En plus y’a deux jours ils se sont mis à nous interdire de prendre le pain pour l’emmener dans la chambre si on veut le manger après, ils ont dit à cause des rongeurs, ils se foutent de notre gueule ou quoi, c’est des murs en béton, il n’y a aucune fenêtre, il y a des fenêtres dans les chambres à 4 mètres du sol, comment vous voulez qu’il y ait des rongeurs, c’est une excuse à la con.

Et pour les masques, ils s’en foutent, ils veulent qu’on mange dans le réfectoire : on est presque 50, on est collés à 5 cm l’un de l’autre et on est obligés de retirer le masque pour manger, c’est pour ça aussi qu’on veut manger dans nos chambres…

Et les gens aussi ils sont pas contents parce que c’est la 3e fois que les vols sont annulés et y’a des gens qui veulent partir et on commence à frapper sur les tables et après y a une vingtaine de policiers qui viennent et ils prennent des gens et les isolent dans une pièce à côté une heure ou deux pour qu’ils se calment…"

Si on retourne un peu en arrière, on se souvient que les centres de rétention en France s’étaient presque tous progressivement désemplis pendant le premier confinement.
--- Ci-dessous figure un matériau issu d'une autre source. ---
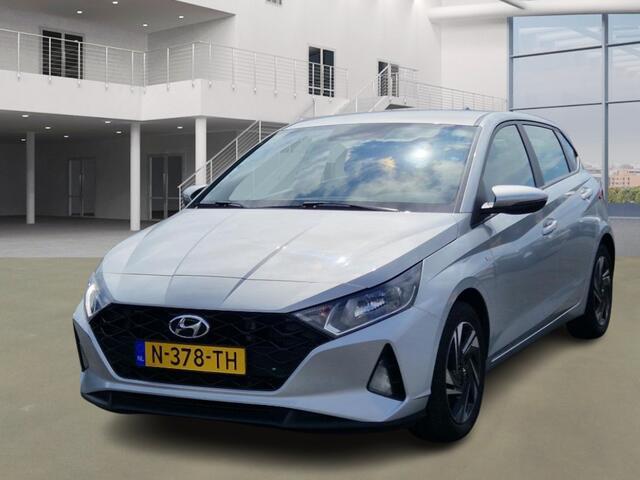 Hyundai I 20 1.0 T-GDI MHEV, 1e Eig! Carplay! Camera! VERWACHT!!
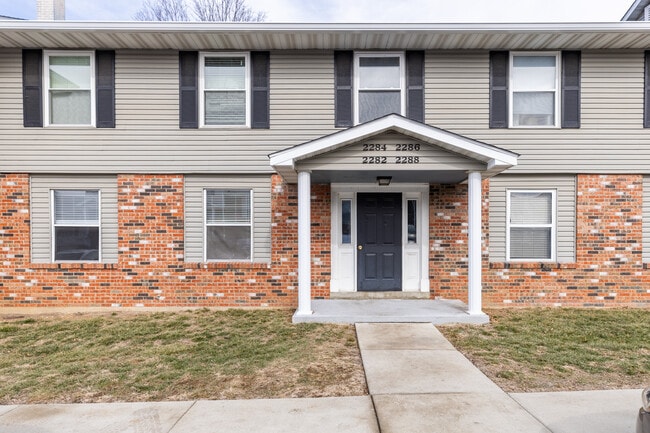 property at 2282 Highland Hill Dr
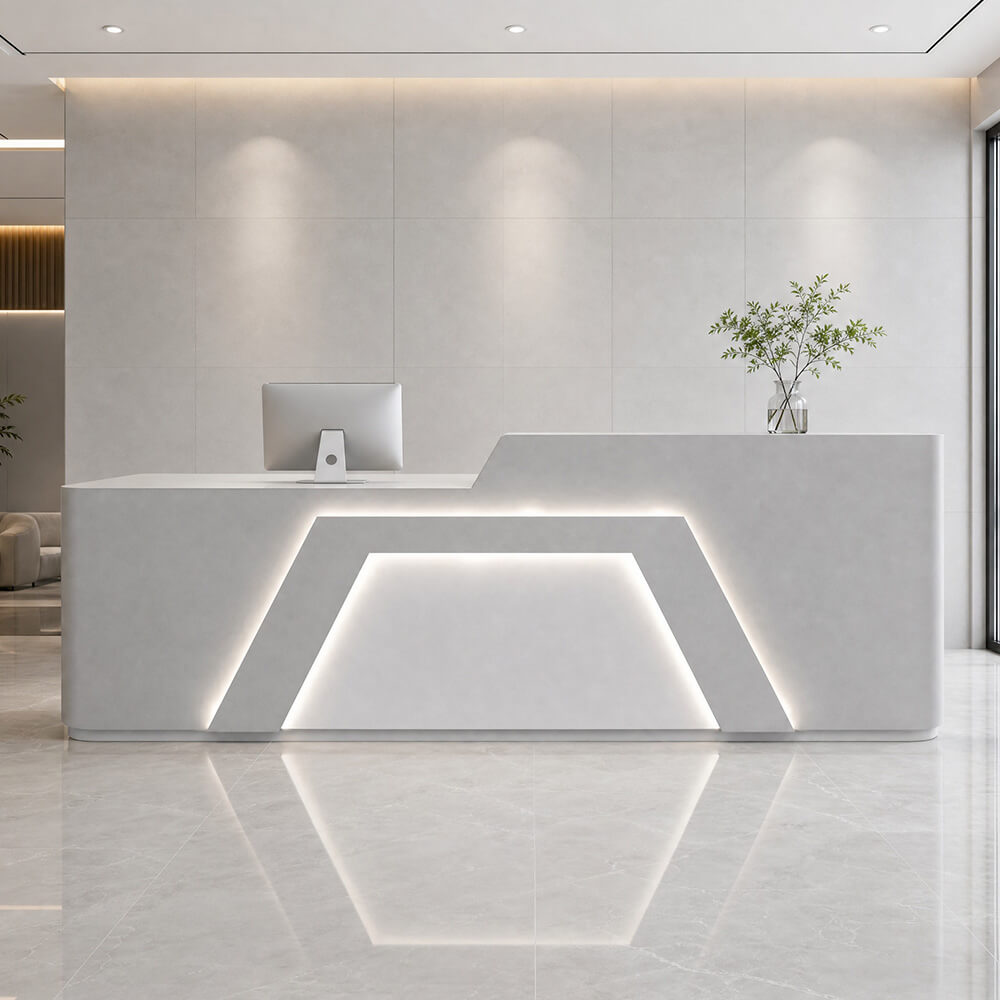 ModernReceptionDesk ContemporaryOfficeCounter-JDT-412-mainpictures 6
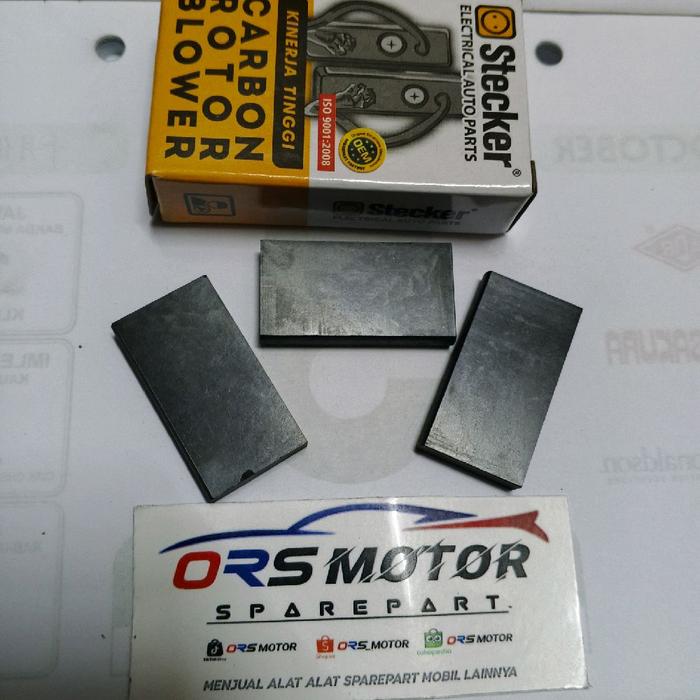 Arang / Areng Karbon / Vane Blower Alternator / Dinamo Amper / Amper PS100 / 120 Lama / Umplung / Ra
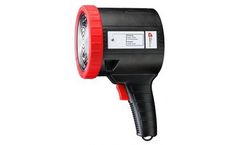 SENSE-WARE - Model T-169/1 - Test Lamp For Sense-Ware Flame Detectors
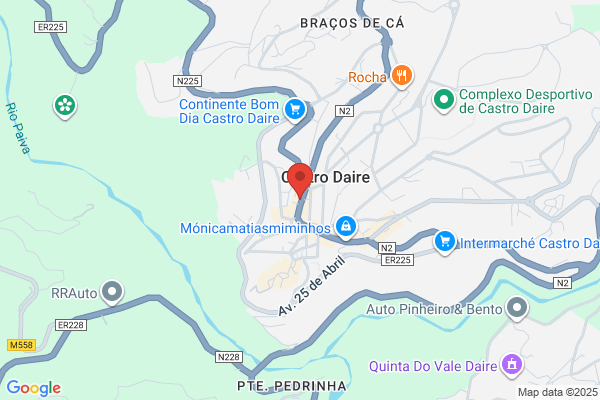 Damiàde Castro Lda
Certains étaient même complètement vides (sans pour autant avoir fermé définitivement, ça aurait été trop beau). C‘était le cas notamment des CRA de Plaisir, Palaiseau, Bordeaux, Guadeloupe, Hendaye, Nice, Rennes et Strasbourg.
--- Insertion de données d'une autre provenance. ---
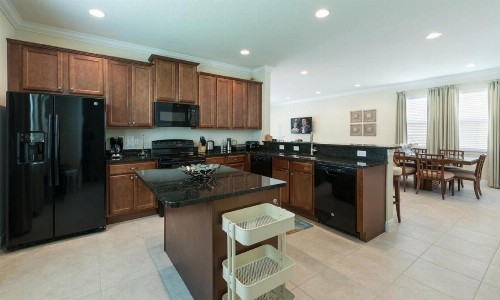 5 Star Villa on Encore Resort at Reunion with Large Private Pool Orlando Villa 4371 - image 6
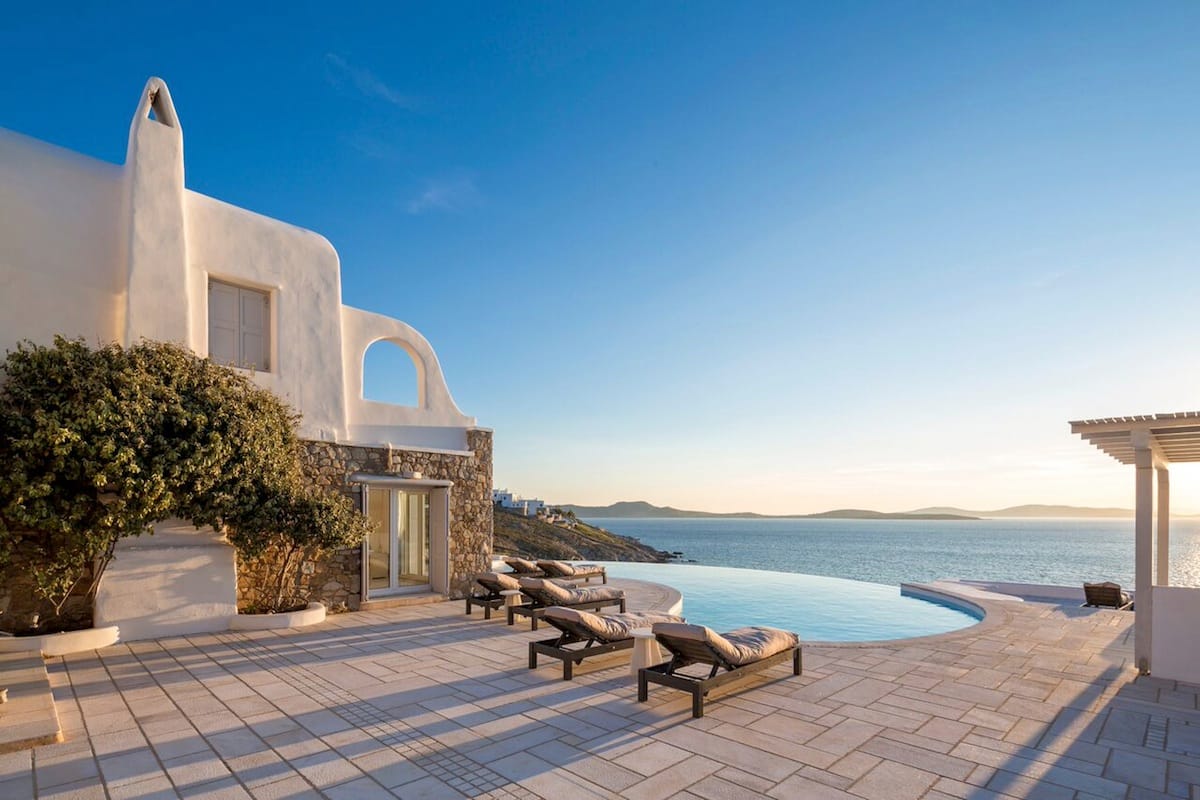 Places to visit in Mykonos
Alors que cette nouvelle vague de pandémie est encore plus violente et meurtrière que la première, les CRA se sont soudainement remplis au maximum juste avant le second confinement.
Plusieurs témoignages nous sont parvenus des personnes enfermées pour nous expliquer la recrudescence des rafles mercredi 28 et jeudi 29 octobre et pendant les jours qui ont suivi : “C’est comme s‘ils savaient que ça serait plus dur de nous arrêter pendant le confinement, comme il y aurait moins de gens dans les rues. C’est comme s‘ils faisaient le plein.“, nous a dit un retenu.

C’est comme s‘ils savaient que ça serait plus dur de nous arrêter pendant le confinement, comme il y aurait moins de gens dans les rues. C’est comme s‘ils faisaient le plein.
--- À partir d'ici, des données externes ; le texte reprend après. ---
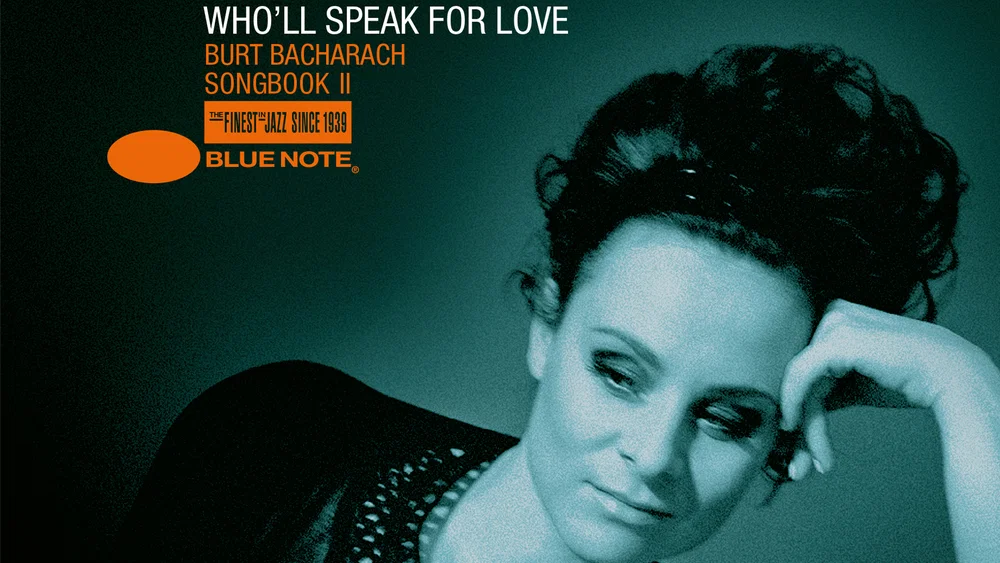 Who'll Speak For Love - Burt Bacharach Songbook II background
Les conditions sanitaires sont toujours désastreuses, et les clusters se multiplient. Ce n’est pas étonnant, vu que les CRA sont blindés.
Les flics et les jugent continuent à jouer avec la vie des gens : les personnes qui sont testées positives sont parfois mises à l’isolement total et privées de soins, parfois enfermées avec des prisonnier.e.s non malades qui risquent donc de choper le virus.
Les vols cachés continuent à destination de certains pays (surtout en Europe mais pas seulement), tandis que d’autres exigent que les personnes expulsées soient testées négatives. Mais si les prisonnier.e.s refusent le test pour résister à la déportation, ils.elles font généralement face à la garde à vue et à des peines de prison ferme.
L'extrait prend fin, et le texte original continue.